Original Cerebras Installation
Cerebras offers two forms of deployment for CS systems, Wafer-Scale clusters and Original Cerebras installations.
Original Cerebras Installation is designed for deployments with a single CS System and supports only models below 1 billion parameters with Pipelined execution mode. It consists of a CS System and Original Cerebras Support Cluster – a CPU cluster with CPU nodes playing roles of a coordinator and input workers. The Original Cerebras Installation can support models written in both Pytorch or Tensorflow.
CPU cluster
During runtime, the CPU nodes in the Original Cerebras Support Cluster are assigned two distinct roles: a single chief and multiple workers. See the following for a description of these roles.

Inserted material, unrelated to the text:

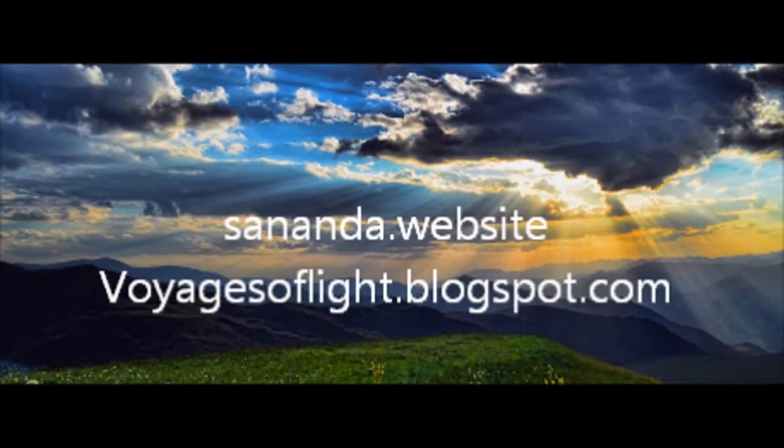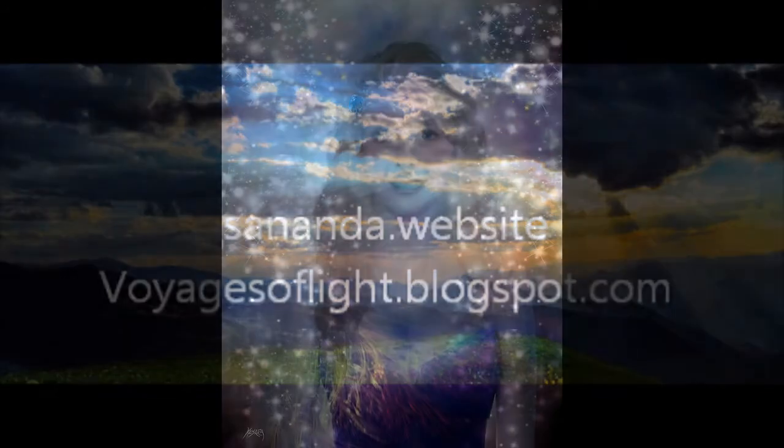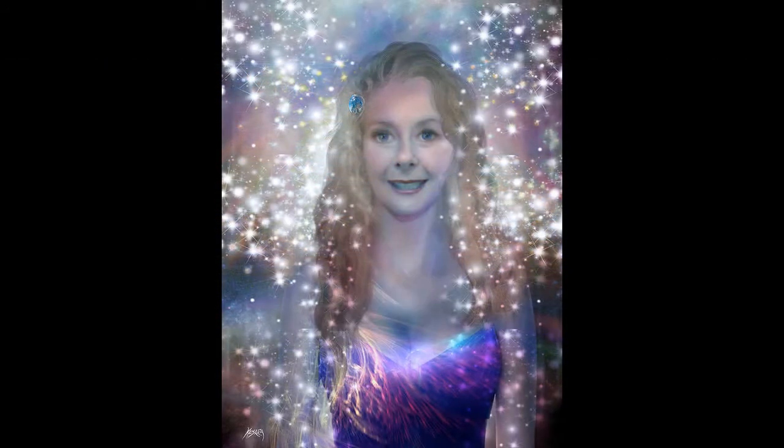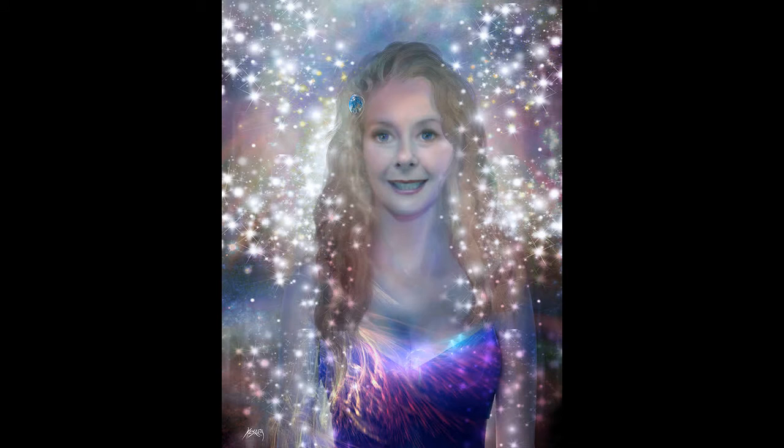This inspiring message was channeled by Daniel Scranton. His website is danielscranton.com. You can always go to his website to sign up to be on his email list to receive these daily messages such as I do. I will be able to place the words to this message down below in the show more section. You can also find Daniel's fine work on the sananda.website as well as voyagesoflight.blogspot.com. I am Julie Joy, your servant of the light. I'm all excited by this message. Thank you so much for listening.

In the CS system execution model, a CPU node is configured either as a chief node, or as a worker node. There is one chief node and one or more worker nodes.
Chief nodes
The chief node compiles the ML model into a Cerebras executable and manages the initialization and training loop on the CS system. Usually, one CPU node is assigned exclusively to the chief role.
Worker
The worker node handles the input pipeline and the data streaming to the CS system. One or more CPU nodes are assigned as workers. You can scale worker nodes up or down to provide the desired input bandwidth.
Orchestrator
The coordination between the CS system and the Original Cerebras Support-Cluster is performed by the orchestrator software Slurm that runs on the CPU nodes.